飲食店が「分煙」をやめる、もうひとつの理由

 このような勢いを受けて、これまで分煙をうたっていた大手飲食チェーンも続々と全席禁煙に切り替えている。

 例えば、ケンタッキーフライドチキン日本KFCホールディングスグループは全国の約1150店舗うち、18年3月までに約320店舗の直営店を完全に禁煙にし、約830店舗のフランチャイズチェーン(FC)店は改装に合わせて順次切り替えて全席禁煙にしていく。デニーズも約380ある店舗すべてを原則禁煙にするという。

 これらの動きは、イデオロギー的なものは一切関係ない。各社、全席禁煙にしたほうが長期的には、客足が増える、という経営判断によるものだ。

 『各社はあらゆる年齢層で嫌煙家の広がりを感じており、「喫煙席の周辺にすら嫌悪感を示す人が多くなった」(大手外食)との声が聞かれる。喫煙客が離れても「長期的には家族客の定着で売り上げは回復する」(日本KFC)とみている』(日本経済新聞 2017年10月21日)

 さらに、これらの企業が分煙から離脱していくもうひとつの大きな理由が「リクルート」だ。ファミレスもファストフードも人手不足が大きな問題となっているのはご存じのとおりだが、分煙店舗の場合、そこへ輪をかけて深刻な事態に陥っている。

 煙モクモクの喫煙ルームに飛び込んで、トレーで食事を運んだり、吸い殻の清掃をするのは御免だということで、アルバイトが集まりにくいのである。

 「仕事なんだからそんな文句を言ってないでやれよ」とおじさん世代は憤慨するかもしれないが、タバコを吸わない未成年や若者からすればハラスメント以外の何物でもない。

 名寄市立大学の学生(695人)を対象にした調査では、半数以上の学生がアルバイト先で受動喫煙をうけていて、そのうち約85%が不快感を覚えているが、「我慢」しているという結果が出た。

 JTの最新データでも、喫煙率は40歳代男性が36.7%と最も高いが、20~29歳は22.8%となっており、同世代の女性にいたっては7%しかない。

 つまり、「なんで見ず知らずのオッサンたちが吐いた煙を吸ったり、吸い殻を片付けなきゃいけないんだよ」と不快に感じながらも時給のために我慢をしてバイトをしている若者がいまの日本には、おじさん世代が考えるよりもはるかに多いということだ。

モスバーガーの復活に期待

 こうした状況を考えると、昨年5月にモスバーガーが深刻な人手不足から、50店舗で営業時間の短縮に踏み切ったことも興味深い。

 先ほども申し上げたように、14年からマクドナルドは全店禁煙だ。
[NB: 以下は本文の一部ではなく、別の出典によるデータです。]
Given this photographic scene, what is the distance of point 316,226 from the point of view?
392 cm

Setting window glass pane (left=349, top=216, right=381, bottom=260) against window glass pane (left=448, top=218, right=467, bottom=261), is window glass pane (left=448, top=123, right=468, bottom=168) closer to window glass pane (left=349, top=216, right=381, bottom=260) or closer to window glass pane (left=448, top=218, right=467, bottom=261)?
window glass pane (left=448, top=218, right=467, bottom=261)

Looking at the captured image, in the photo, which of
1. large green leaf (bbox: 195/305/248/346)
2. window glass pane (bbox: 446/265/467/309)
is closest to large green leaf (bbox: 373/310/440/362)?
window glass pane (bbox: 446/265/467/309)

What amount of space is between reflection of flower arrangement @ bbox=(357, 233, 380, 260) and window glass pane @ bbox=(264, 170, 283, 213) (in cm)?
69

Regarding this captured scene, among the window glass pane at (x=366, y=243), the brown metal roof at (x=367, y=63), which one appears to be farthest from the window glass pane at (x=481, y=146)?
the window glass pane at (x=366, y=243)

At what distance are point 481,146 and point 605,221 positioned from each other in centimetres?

同じファストフードで働くならば、煙くないほうがいいよね、とマックに流れてしまう若者が増え、それがここにきてじわじわとボディブローのように効いてきている可能性もあるからだ。

 もちろん、モスバーガーには禁煙店舗も多くあり、絶不調の理由をすべて分煙のせいなどと言うつもりはない。ただ、業界ナンバー2として、マクドナルドの全店禁煙と差別化していただけのつもりが、いつの間にか消費者の志向や、アルバイトの快適な労働環境が大きく変わり、「世間ズレ」してしまった感は否めない。それがモスバーガーの強みであるはずの健康志向や食事の質という顧客満足度を蝕んでしまった可能性はないか、ということを申し上げたいのである。

 モスバーガーは直営店が主流のマックと異なり、フランチャイジーの店が圧倒的に多い。「禁煙にしたら店が潰れる」と信じて疑わぬ飲食店事業主も多いなかで、モスの加盟店オーナーたちもそのように考える方が多いのかもしれないが、「日本のハンバーガーをもっとおいしく!」というスローガンに立ち戻れば、いまなにをすべきかというのは、おのずと答えはみえてくるのではないか。

 日本のハンバーガーを長く牽引してきたモスバーガーの復活に期待したい。

http://www.itmedia.co.jp/business/articles/1801/16/news048.html

*1:そこに出入りして禁煙エリアを往来する人間がまとっている煙やにおいは、もしかしたら喫煙者にはわからないかもしれません。でも、あるんですよこれが。